**TASK STATEMENT**
Leave every image out, and print the remaining lines below exactly.

**INFORMATION PROVIDED**
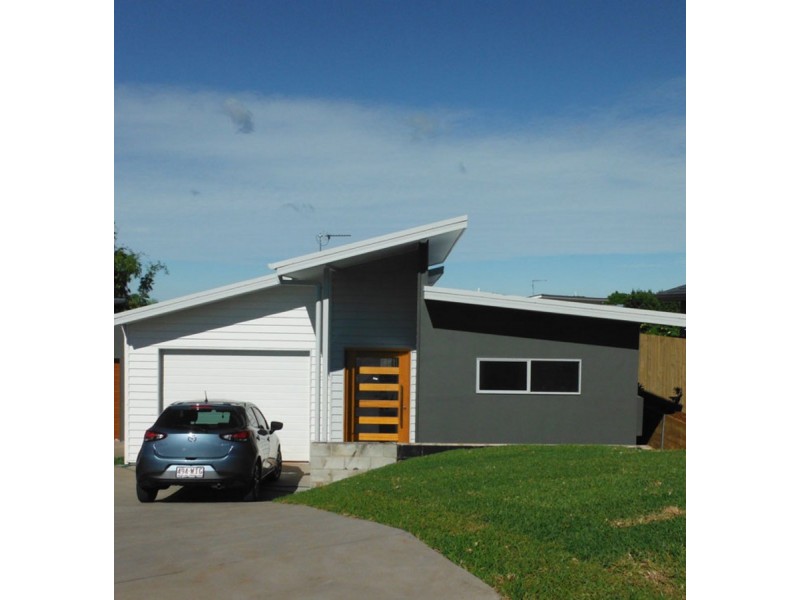 6A Bannockburn Court, Cumbalum NSW 2478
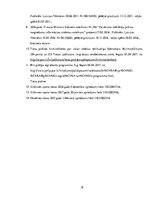 Referāts 'Valsts robežas nelikumīga šķērsošana', 18.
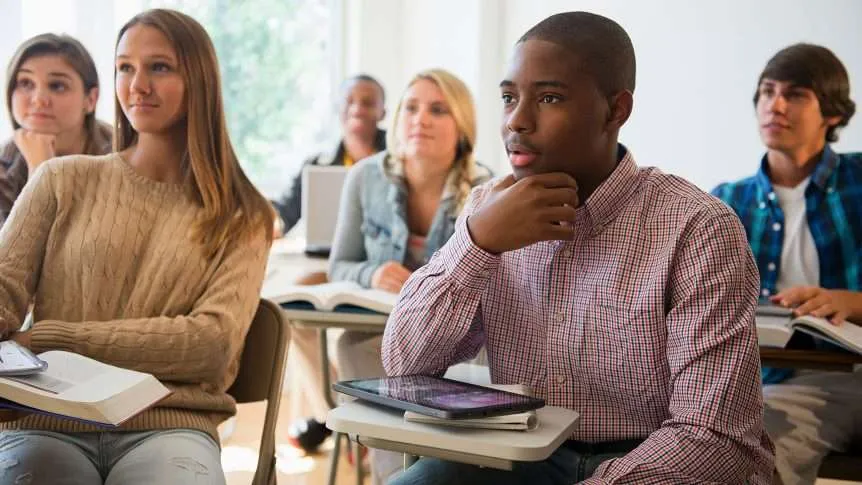 Proper Essay Indentation and Formatting Guidelines Explained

**SOLUTION TO THIS EXERCISE**
 6A Bannockburn Court, Cumbalum NSW 2478
 Referāts 'Valsts robežas nelikumīga šķērsošana', 18.
 Proper Essay Indentation and Formatting Guidelines Explained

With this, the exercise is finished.